By speeding up the process, RFID helped Toshiba Europe overcome a bottleneck at the plant and ultimately increase output from 9,500 to 17,300 laptops per day. The cost of scanning each pallet was reduced from 35 cents to 21 cents-saving Toshiba $470,000 last year alone. The RFID initiative also reduced loss and theft of products, and helped Toshiba ensure accuracy of shipments to its customers.

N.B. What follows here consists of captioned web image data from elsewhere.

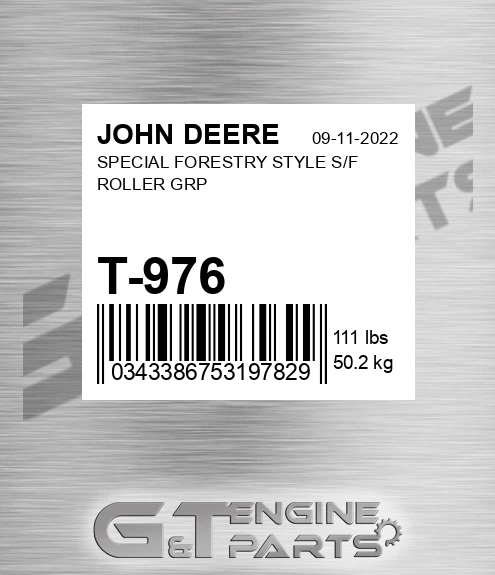 T-976 Special Forestry Style S/f Roller Grp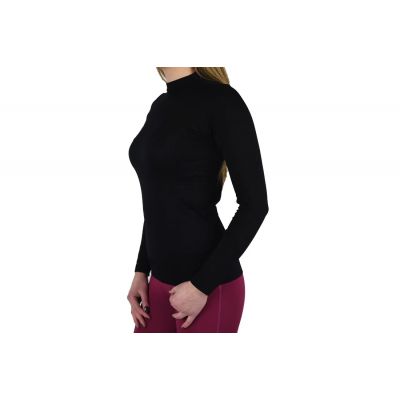 2. Koszulka GymHero Longsleeve Seamless W 766-BLACK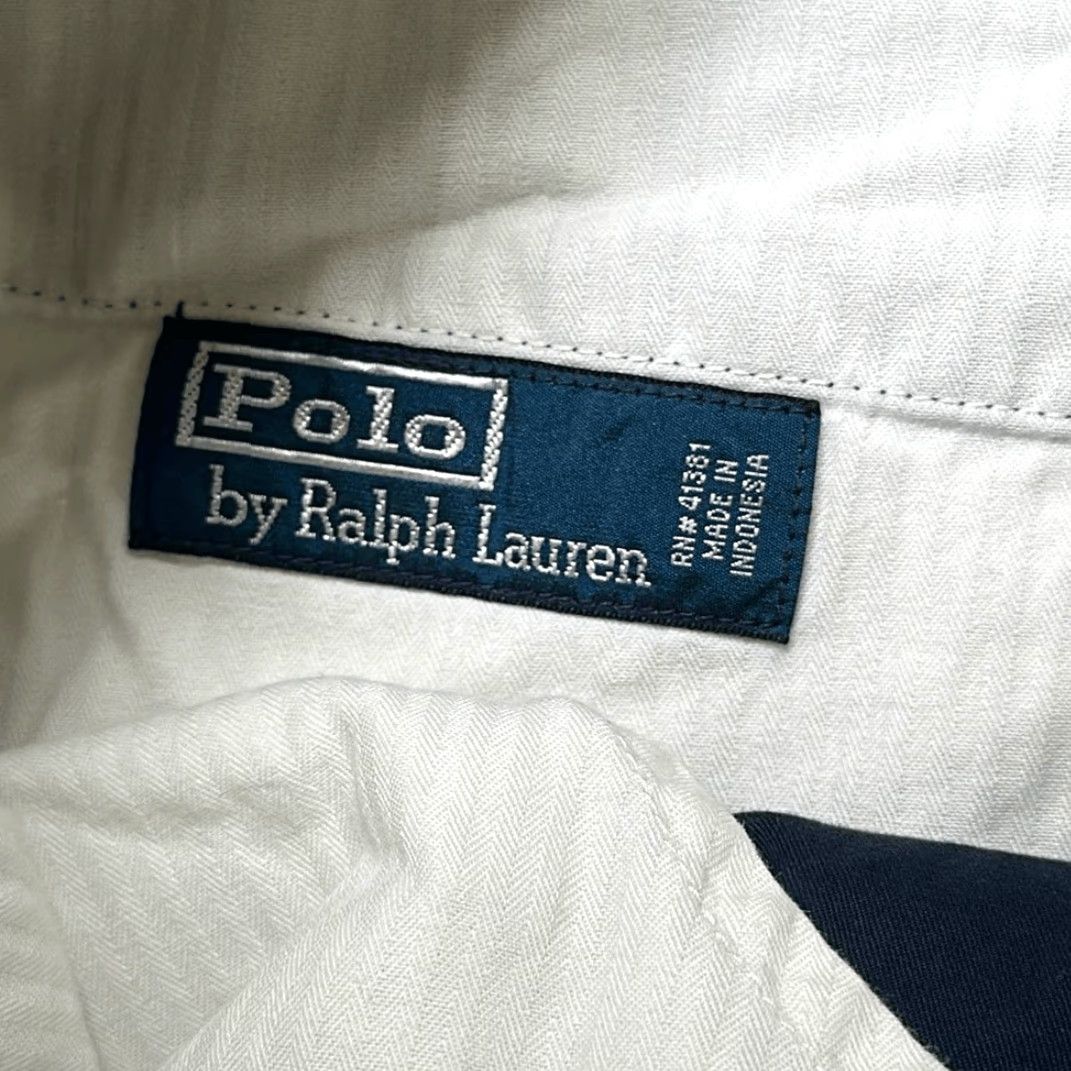 Polo Ralph Lauren Polo by Ralph Lauren Mens Bermuda Shorts 35 Navy Blue 100% Cotton Cream Size 35 Mens Size US S / EU 44-46 / 1 - 6 Thumbnail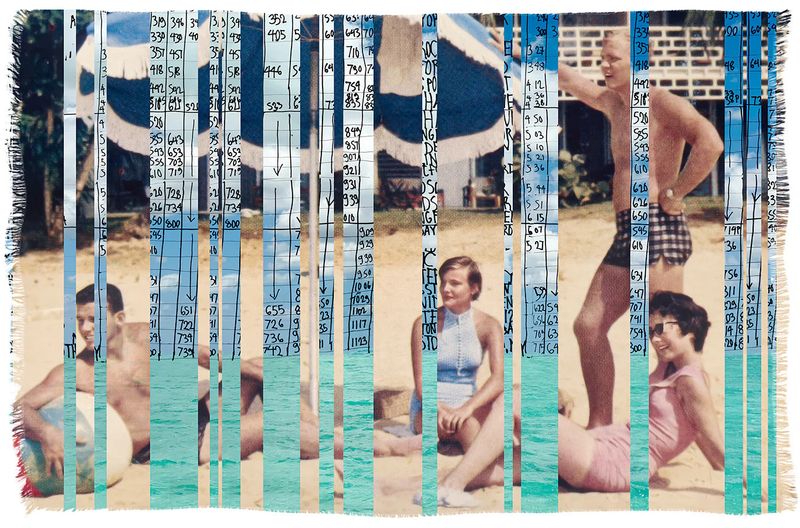 Suzi Roher Lily Small Beach Days Scarf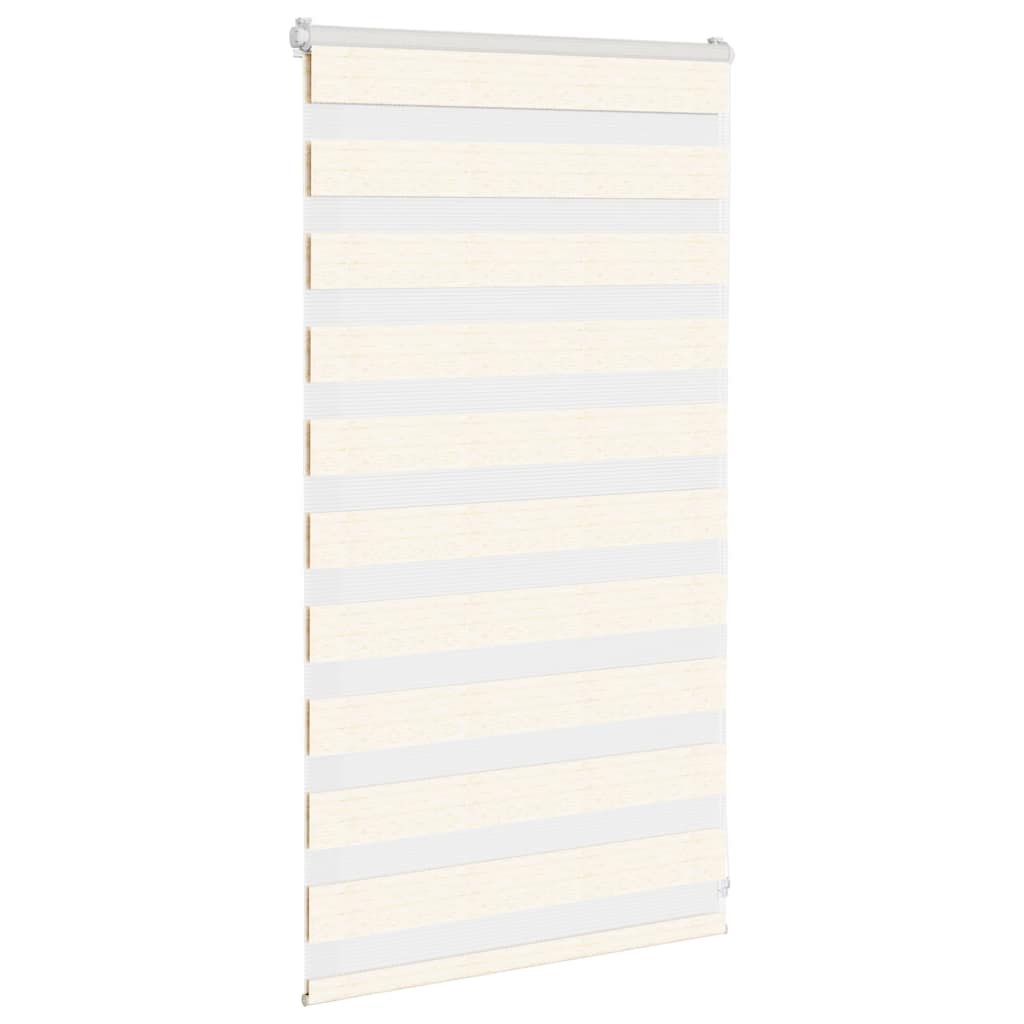 Doppelrollo Marmorbeige 90x100 cm Stoffbreite 85,9 cm Polyester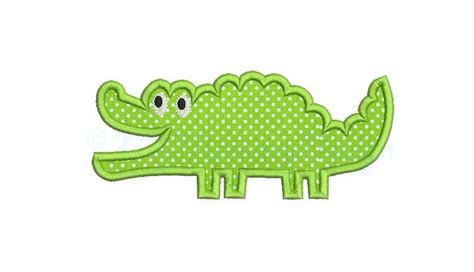 Crocodile Embroidery Design Summer Applique Machine Etsy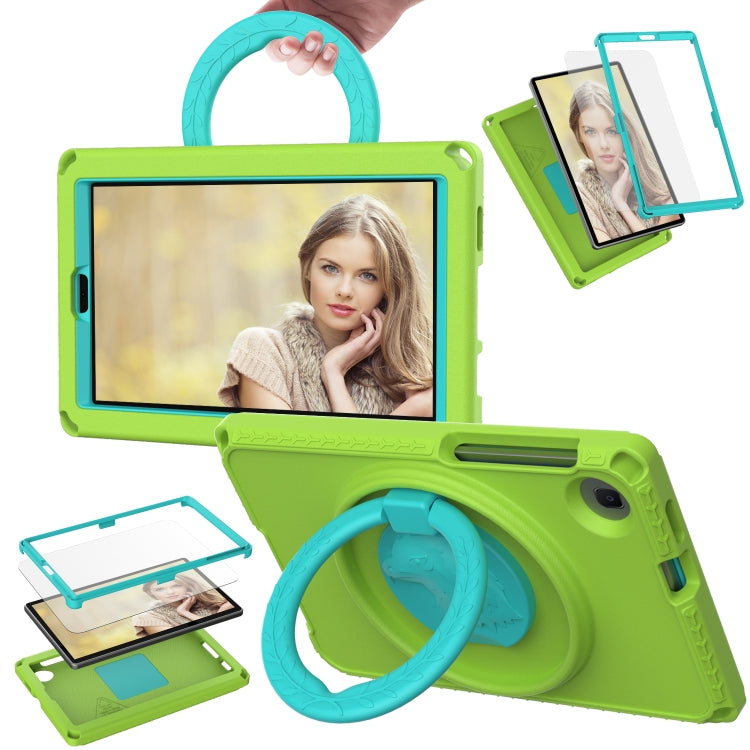 For Samsung Galaxy Tab A 8.0 T290/T295 2019 EVA Hybrid PC Shockproof Tablet Case with Frame(Grass Green) by buy2fix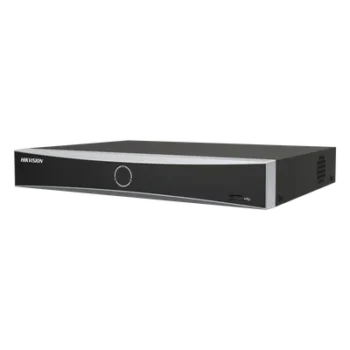 NVR IP / 32 Canales / 12 Megapixel (4K) / AcuSense con IA / Reconocimiento Facial / 2 Bahías HDD hasta 16 TB / HDMI 4K / Sin PoE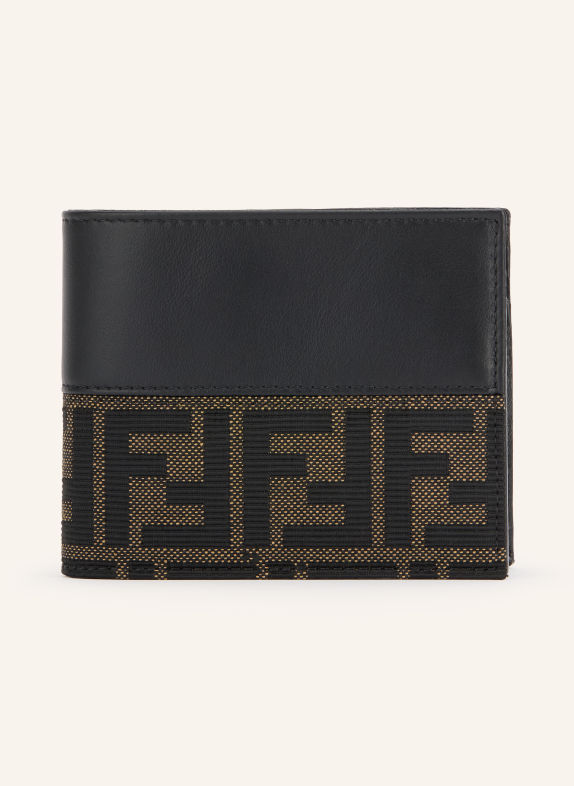 FENDI Portemonnee ZWART / BEIGE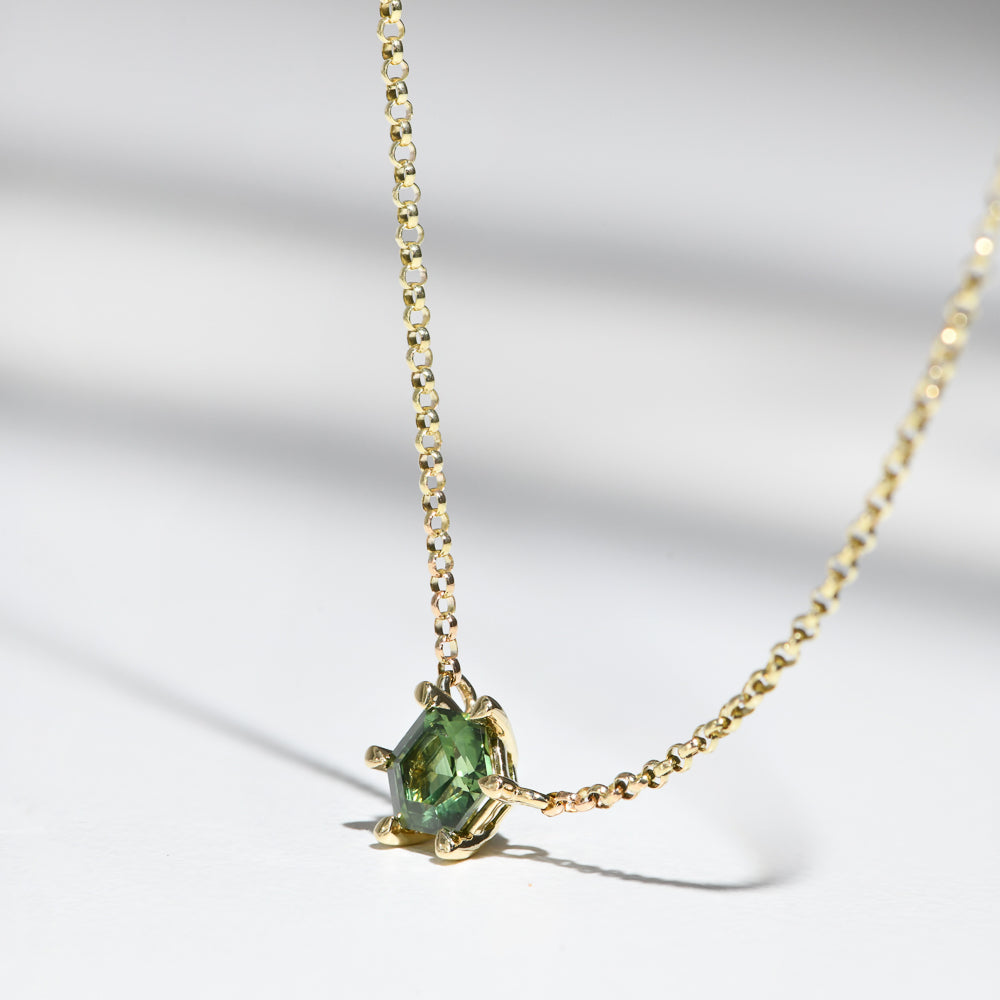 Maya Hexagon Necklace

But the benefits of item-level tagging stop when the pallets leave the warehouse, says Andreas Unterbusch, Toshiba TEC's RFID project manager. While some European electronics retailers-such as Media Markt and Saturn, both owned by German retail giant Metro-want suppliers to RFID-tag goods, those retail chains are currently reading RFID tags only on cases and pallets. "Toshiba is prepared [for item-level tagging], and this could be used by anybody asking for that," Unterbusch says. "But nobody is asking for that at the moment."

The consumer electronics industry is perhaps uniquely suited to item-level tracking. Unlike the consumer packaged goods industry-which produces a lot of low-priced goods, such as toilet paper, detergent and disposable razors-many consumer electronics devices carry high price tags. The products often have a limited shelf life, meaning they can become obsolete quickly due to the development of newer, cheaper products. RFID could help retailers ensure that hot items are on store shelves when prices are high, and help manufacturers manage inventory and better meet demand. From $300 video game consoles to $1,000 computers and $4,000 flat-panel TVs, the value of such items often justifies the cost of item-level RFID tags-even if those tags run $1 or $2 apiece.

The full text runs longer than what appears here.